Tech startups are typically founded by young entrepreneurs with more passion than experience. This is as true in India as it is in Silicon Valley. Then there’s Bigbasket, whose founders are veterans of the dotcom bust and mostly north of 50. Drawing on their successes and failures, they’ve turned their six-year-old startup into India’s biggest e-grocer and are taking on a host of competitors, including Amazon and brick-and-mortar chains operated by the nation’s biggest conglomerates

Bangalore-based Bigbasket delivers everyday cooking essentials like ghee (clarified butter), diced coconut and fragrant basmati rice, as well as 18,000 other items from bread to laundry detergent to eight million customers in 25 Indian cities. It’s mostly targeting upwardly mobile young Indians keen to avoid traffic and the drudgery of supermarket runs. Last month, Bigbasket raised $300 million in an Alibaba-led round that valued the grocer at $950 million—just shy of unicorn status.

In a country where groceries account for half of the almost $1 trillion retail market, Bigbasket is using knowledge learned the hard way during the dotcom era (don’t expand too quickly or use discounts to acquire shoppers) and latter-day innovation (putting vending machines inside apartment buildings; building a supply chain of competitively priced organic produce).

“We want customers to get hooked, and make our service harder to replicate,” says Hari Menon, 56, co-founder and chief executive officer. He, along with V.S. Sudhakar (58), Vipul Parekh (53), Abhinay Choudhari (47) and VS Ramesh (62), founded Bigbasket parent Supermarket Grocery Supplies Pvt, in December 2011 in a nondescript building in Bangalore’s humming Indiranagar neighborhood.

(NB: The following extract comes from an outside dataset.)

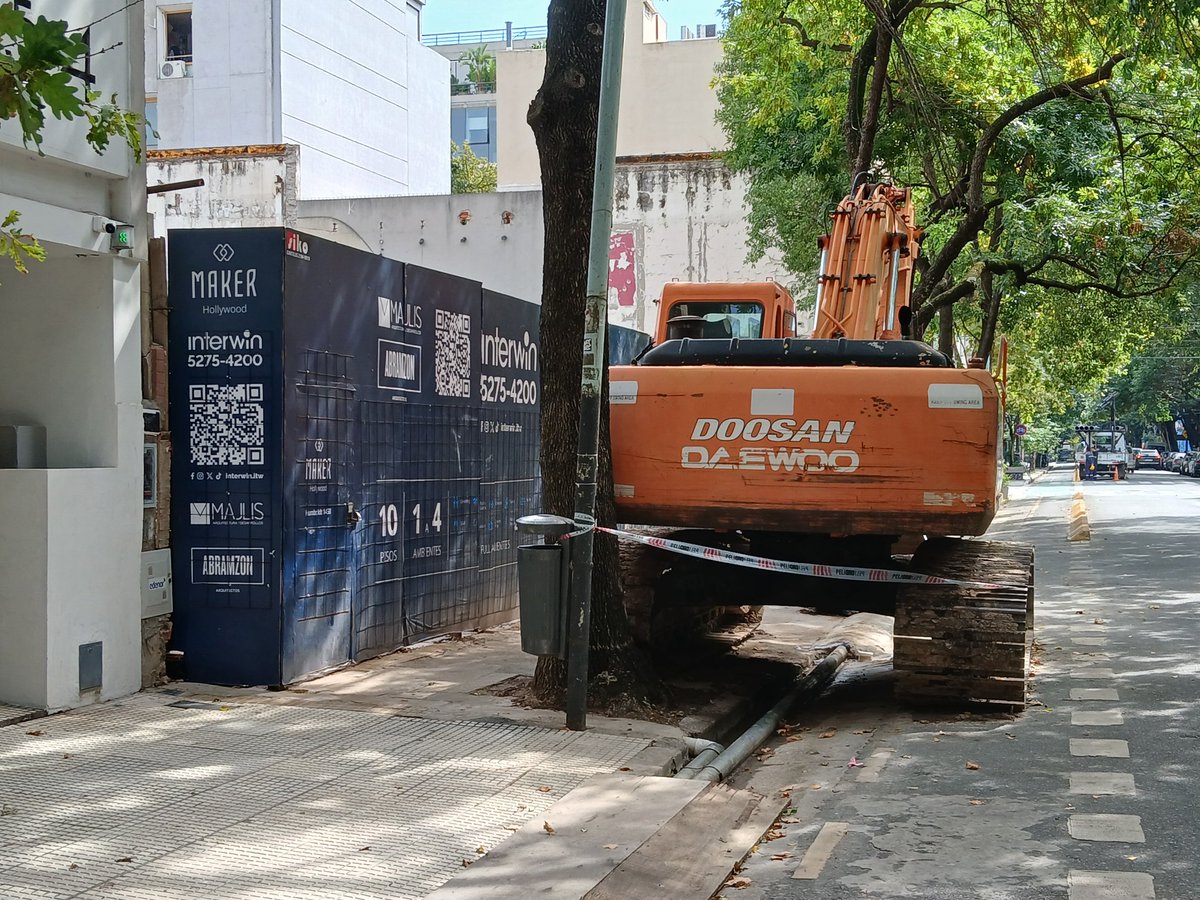 "Usos imaginativos de la bicisenda". Humboldt al 1450, pleno Palermo Olga. Tirado ahí desde el viernes. <a href="/gcba/">Buenos Aires Ciudad</a>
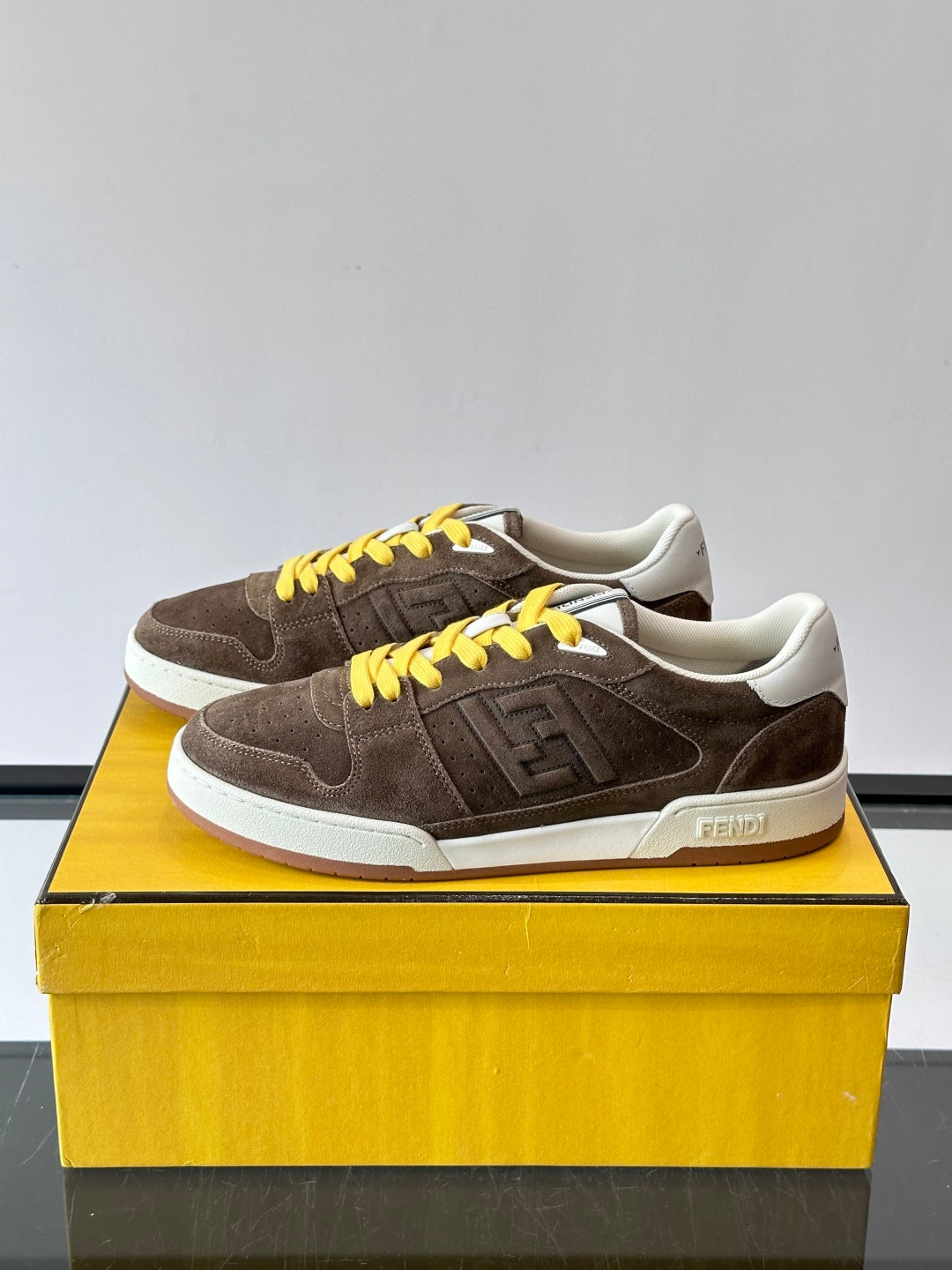Шкіряні кросівки Fendi Match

Bigbasket’s founders had their first brush with e-commerce back in 1999 when they started Fabmart.com to sell books, toys and groceries online. “Those were the dial-up days, there were no payment gateways, and the internet user base was more hype than reality,” recalls co-founder Sudhakar, standing in a Bigbasket warehouse where women shake soil from mounds of vegetables before packing them into ready-to-ship bundles. “Back then, it’d take 50 seconds for a page to download.”